▶ **Records to process**
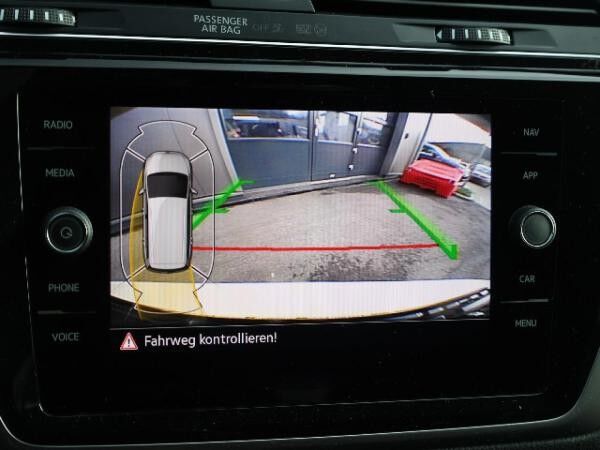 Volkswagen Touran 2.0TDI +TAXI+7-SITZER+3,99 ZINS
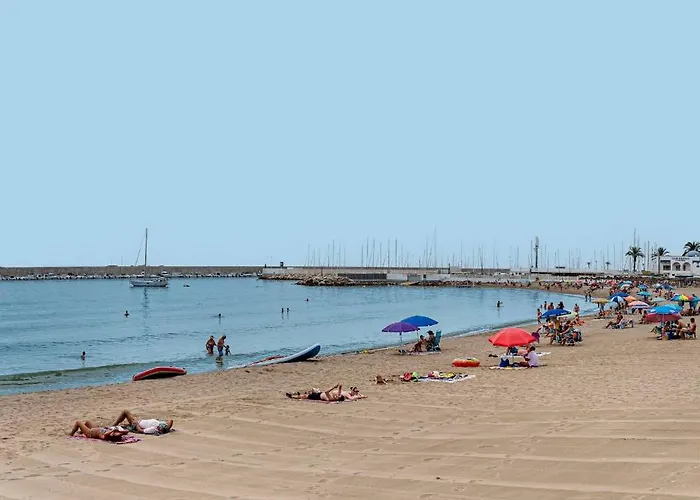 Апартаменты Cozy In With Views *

--

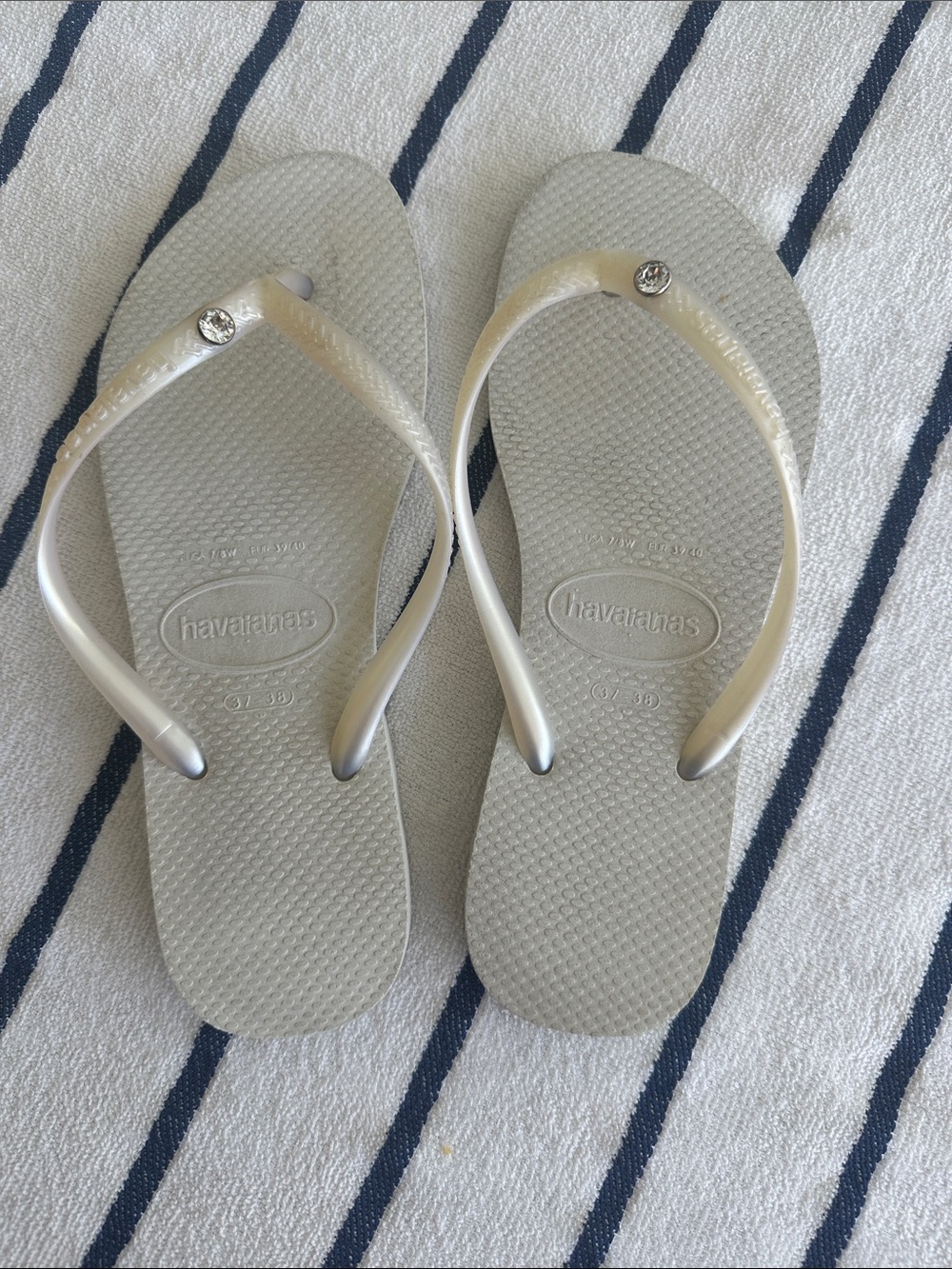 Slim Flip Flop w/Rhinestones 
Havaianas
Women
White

▶ **About this task**
Beginning with the line above that has "Volkswagen Touran 2.0TDI" and going on through the line that has "Апартаменты Cozy In With Views *", retype every line exactly and add nothing else; drop the pictures.

▶ **Exercise answer**
 Volkswagen Touran 2.0TDI +TAXI+7-SITZER+3,99 ZINS
 Апартаменты Cozy In With Views *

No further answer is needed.